By  on November 18, 2009

WASHINGTON — Executives from Levi Strauss & Co. and Mount Vernon Mills Inc. on Tuesday outlined the sharp differences between importers and manufacturers that Congress will consider in any revamp of U.S. trade preference programs that cover billions of dollars in goods.

The House Ways & Means subcommittee on trade began examining whether to overhaul five U.S. trade preference programs that covered $110 billion in trade in 2008 and provide duty free benefits to hundreds of countries from South America to sub-Saharan Africa.

With the global economic downturn hurting several developing countries, lawmakers are considering whether to change the programs, create new criteria and streamline and possibly expand them. Lawmakers must balance the impact of changes on U.S. manufacturers, as well as the current trade preference beneficiary countries.

Two bills were reintroduced this year — one to provide duty free access to all the least developed countries, including, for the first time, Bangladesh, Cambodia and Sri Lanka, and another that would eliminate duties on apparel imports from 15 least developed countries. It is unlikely either of those bills or a potential trade preference reform bill will move this year. Congress could act in 2010.

David Love, senior vice president and chief supply chain officer for Levi Strauss, which manufactures in some 50 nations, said the company needs permanent trade preference programs that do not require automatic renewal every six to twelve months, a rule of origin that does not require use of U.S. textiles, stable and strong internationally recognized labor standards.

“The rules of origin and other aspects of trade preference programs can really make or break them from a business perspective,” Love said.

Levi’s has decreased its sourcing in the Andean region from 60 million units to 2 million units because of the uncertainty of the trade preference program, he said.

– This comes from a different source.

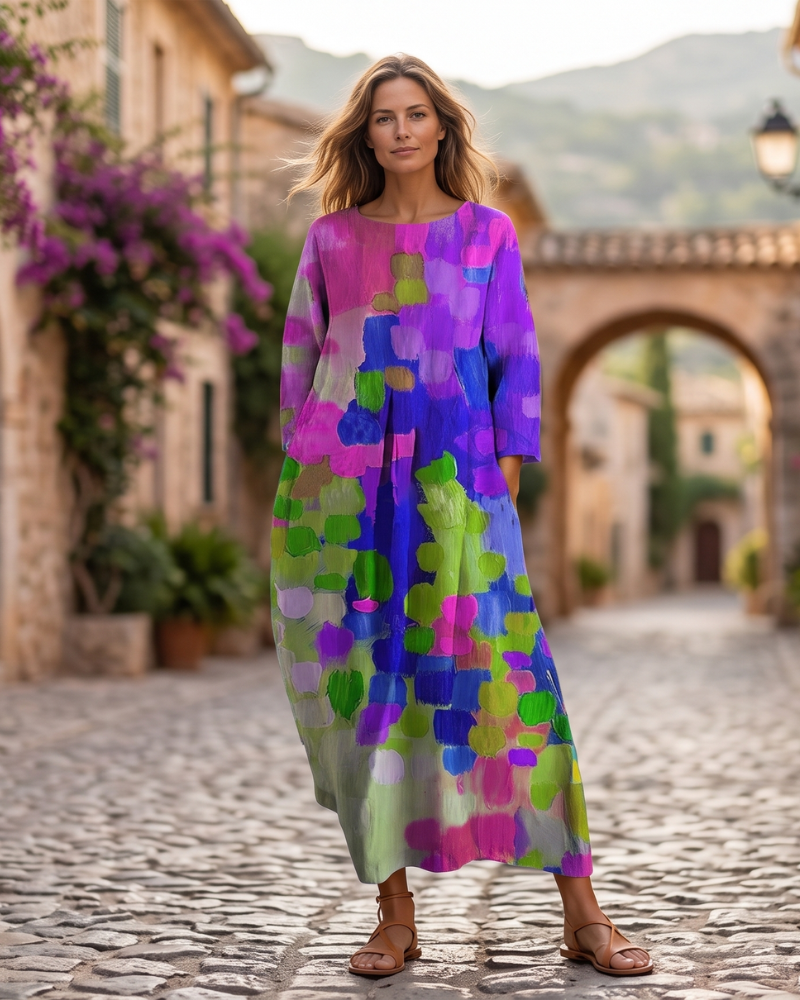 Rosalie Robe Fleurie Femme – Robe d'Été en Coton avec Imprimé Floral Élégant et Coupe Évasée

“We cannot make commercial decisions based on such three- to six-month time frames [in reference to recent short-term renewals of the program by Congress], especially when orders are placed at least one year in advance,” Love said.

Cham Prasidh, senior minister of commerce for Cambodia, made a plea for unilateral preferences, saying apparel exports account for 80 percent of the country’s exports but are declining dramatically due to the economic downturn.

On the opposite side of the debate, W. David Hastings, president and chief executive officer of Mount Vernon Mills and vice chairman of the National Council of Textile Organizations, argued against giving duty free benefits to Bangladesh and Cambodia, saying it would undermine billions of dollars in U.S. textile exports to Central America, Mexico, sub-Saharan Africa and other regions because importers would shift production away from those regions, many of which are required to use U.S. textiles.

“In the U.S., hundreds of thousands of textile workers would lose their jobs and plants across the rural Southeast would close,” said Hastings, whose firm employs 2,657 workers. “As this committee considers this proposal, I appeal to you to keep in mind the workers at our Trion, Ga., facility and of textile facilities across the country. Their livelihoods literally rest in your hands.”

A group of 45 apparel and textile groups from 29 trade preference countries and free trade areas voiced opposition to the proposed extension of duty free benefits to Bangladesh and Cambodia in a letter sent Monday to the Ways & Means committee.